Considerando a quantidade de trolls na plateia, achei que a metáfora fazia sentido (na trilha sonora da animação Trolls da DreamWorks, há música com esse mesmo título, true colors, gravada por Justin Timberlake e Anna Kendrick).

Esse mau desempenho justifica, em parte, porque os bolsonaristas deram pouca divulgação à audiência, pela qual lutaram durante meses.

Outra parte da explicação vem de que parlamentares desse campo estavam, em bloco, tirando fotos e gravando vídeos nos EUA no momento em que brasileiros do Rio Grande do Sul enfrentavam a maior enchente de uma geração, que, entre mortos, feridos e desalojados, gerou estatísticas dignas de guerra.

Nisso, também me distanciei deles. Comecei meu discurso enviando meus “pensamentos e orações” às vítimas das enchentes, às quais manifestei minha irrestrita solidariedade.

Mas 24 horas depois, a maior parte daqueles congressistas estava de volta à carga nas redes sociais, espalhando desinformação sobre a enchente.

Essas fake news têm consequências reais e perniciosas

O pesquisador David Nemer, da Universidade da Virgínia, que há anos observa a movimentação da extrema direita nas redes, disse que desde a eleição de 2018 nunca viu um volume tão grande de fake news, veiculadas por meio de texto e vídeos falsos ou descontextualizados.

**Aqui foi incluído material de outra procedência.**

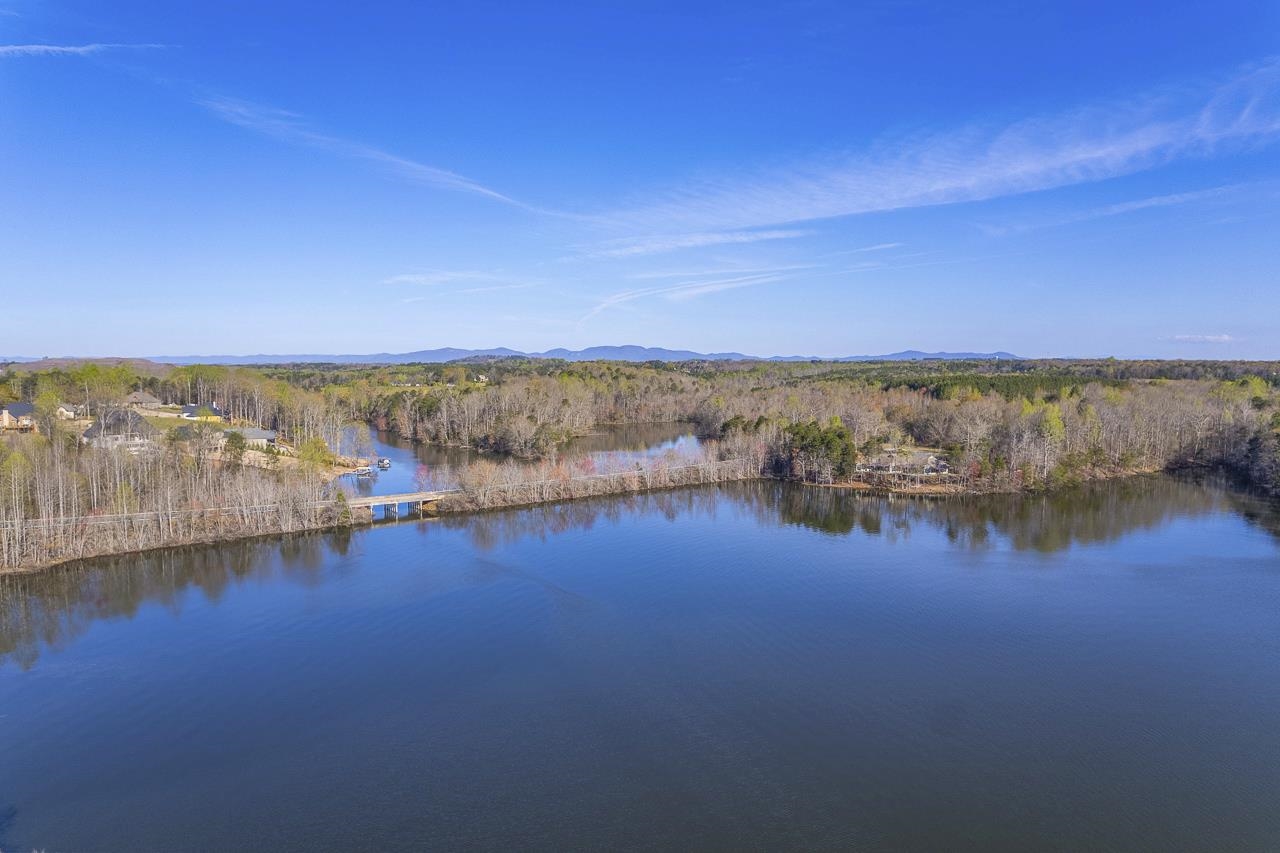 231 Canady Road Wellford, SC 29385 - Photo 40 of 41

Um estudo da USP, divulgado originalmente pela jornalista Daniela Lima, da Globo News, identificou três linhas principais em torno das quais essas práticas de desinformação se estruturaram:

1) o Estado não ajuda – não chega a tempo; é preguiçoso;

2) o Estado atrapalha – cria obstáculos a quem efetivamente se mobiliza, os cidadãos e os milionários; e 

3) pânico econômico, com previsão de desabastecimento e estímulo a que as pessoas estocassem alimentos.

Segundo igualmente noticiou Lima, entre os principais disseminadores dessas fake news, estão justamente alguns dos réus nos inquéritos das fake news e dos atos antidemocráticos.

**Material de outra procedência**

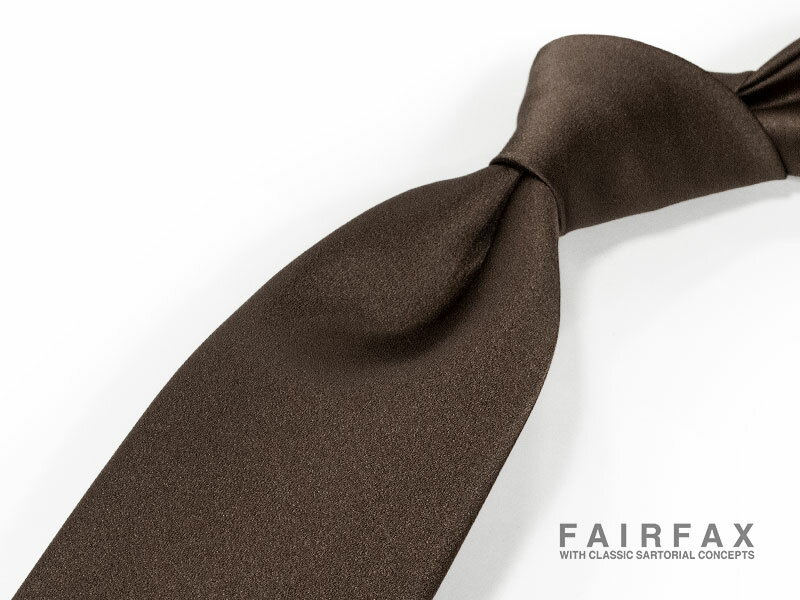 FAIRFAX/եե åɥ / ̵ϥͥ ( ֥饦󥵥ƥ̵ ) ( FST-12 ) [ 195030002 BR5 ] Fabric in Italy ̵ۡڳڥ_ۡڤб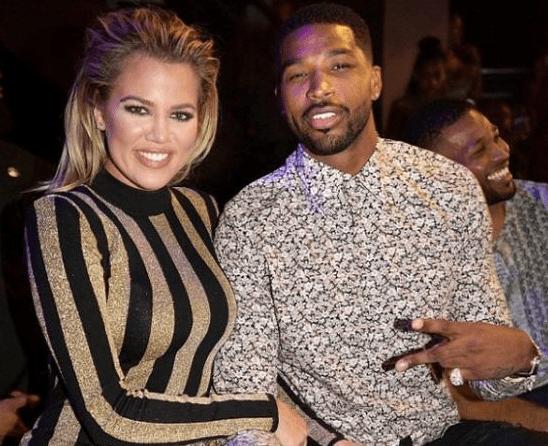 细数nba那些巨星背后的女人,nba球星都喜欢什么样的女人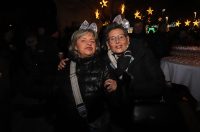 IMG_4853 IMG_4853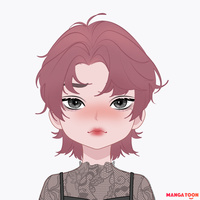 Isabru Yre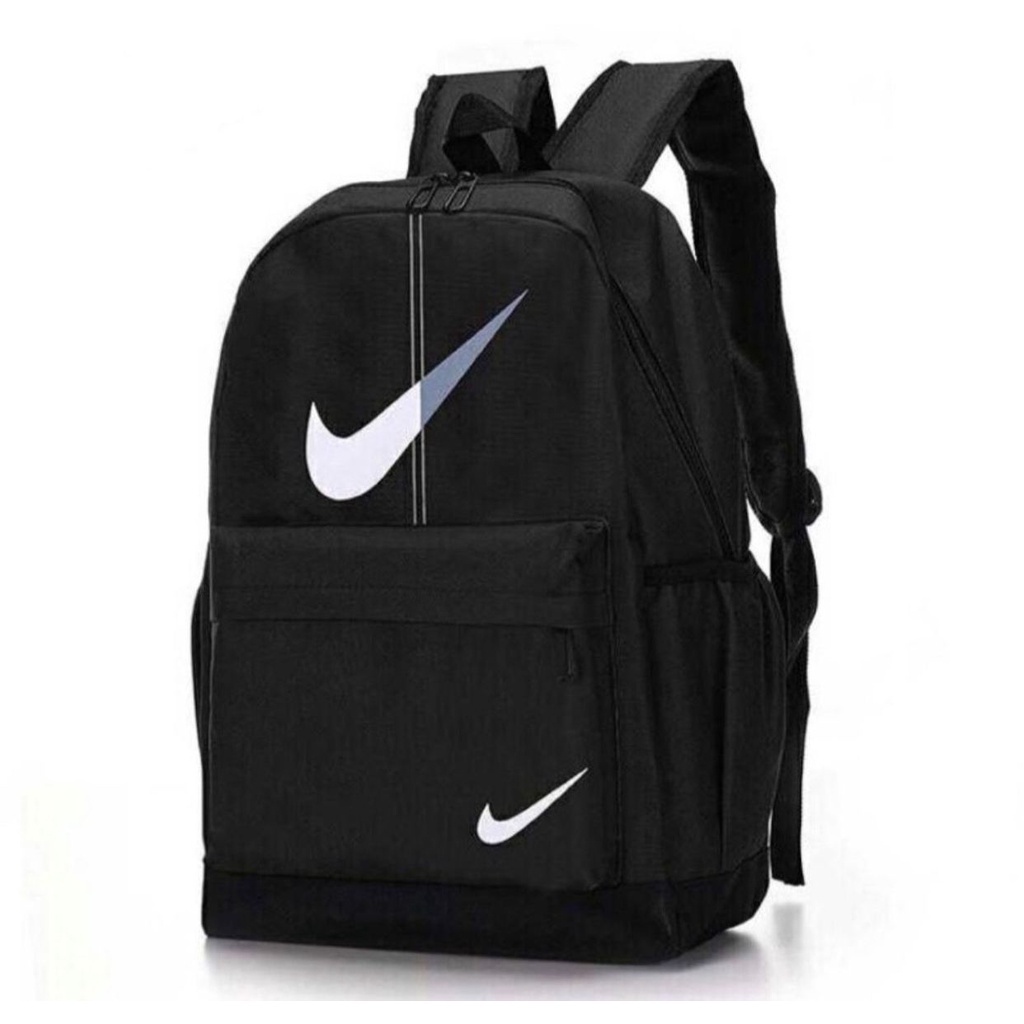 mochila-bolsa-unissex-nk-refor-ada-compartimentos-notebook-escolar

Ironia do destino, as forças armadas agora estavam entre os principais alvos desses perfis. “É como se esses disseminadores estivessem indo à desforra agora,” disse à jornalista, “por conta do que o Exército não fez no 8 de Janeiro; alguns deles escrevem isso mesmo.”

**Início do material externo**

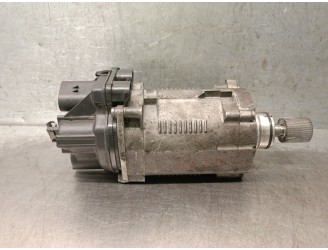 Recambio de cremallera direccion para bmw 1 (e87) 118 d referencia OEM IAM 75360005 32106872478 7802277232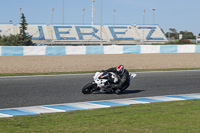 18-to-20th-november-2016;Jerez;event-digital-images;motorbikes;no-limits;peter-wileman-photography;trackday;trackday-digital-images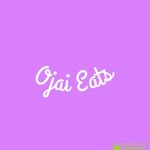 Ojai Eats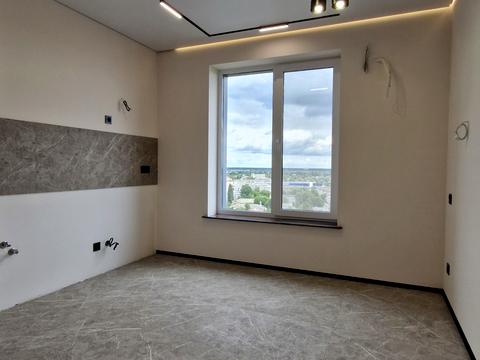 квартира за адресою Житомир, майдан Мистецькі Ворота пл., 9-А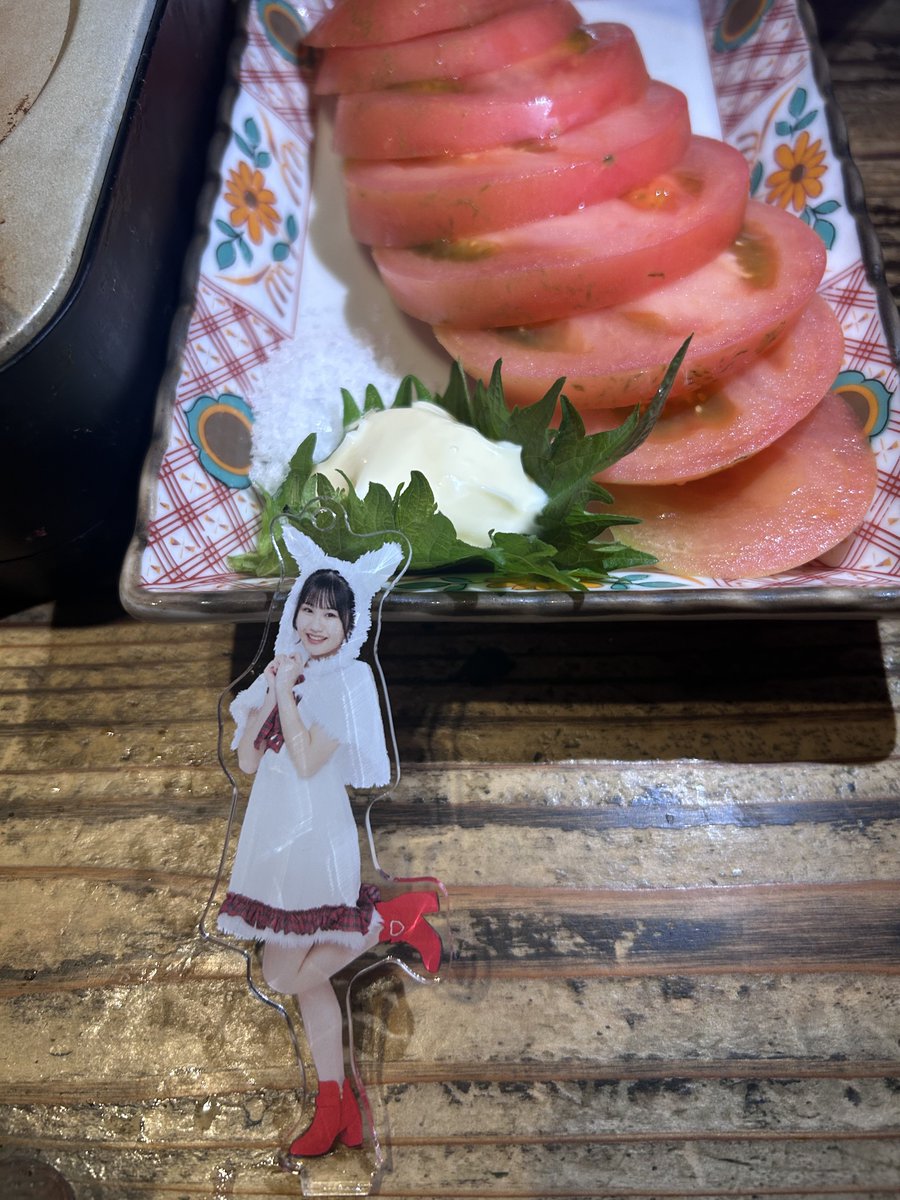 りりー (@lily_byns) / Posts / X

Essas fake news têm consequências reais e perniciosas. Elas prejudicam a atuação das autoridades e podem ter aumentado o número de vítimas, pois diminuem a coesão social e a possibilidade de cooperação entre Estado e cidadãos em um momento crucial.

Não à toa, o Tribunal de Justiça do Rio Grande do Sul ordenou que fossem removidas sob pena de multa.

Às vésperas da audiência dos bolsonaristas no congresso americano, havia quem dissesse que a chave do país em relação aos inquéritos do STF estava virando, o Judiciário vinha se desgastando e caminhávamos para uma anistia.

Que a extrema direita está trabalhando para que seja assim mesmo, não há dúvida. Mas a audiência nos EUA e a desinformação em torno das enchentes do RS mostraram que o uso da mentira como arma política pela extrema direita não é uma “ameaça que passou” .

Cabe às instituições não se deixarem levar pela enxurrada.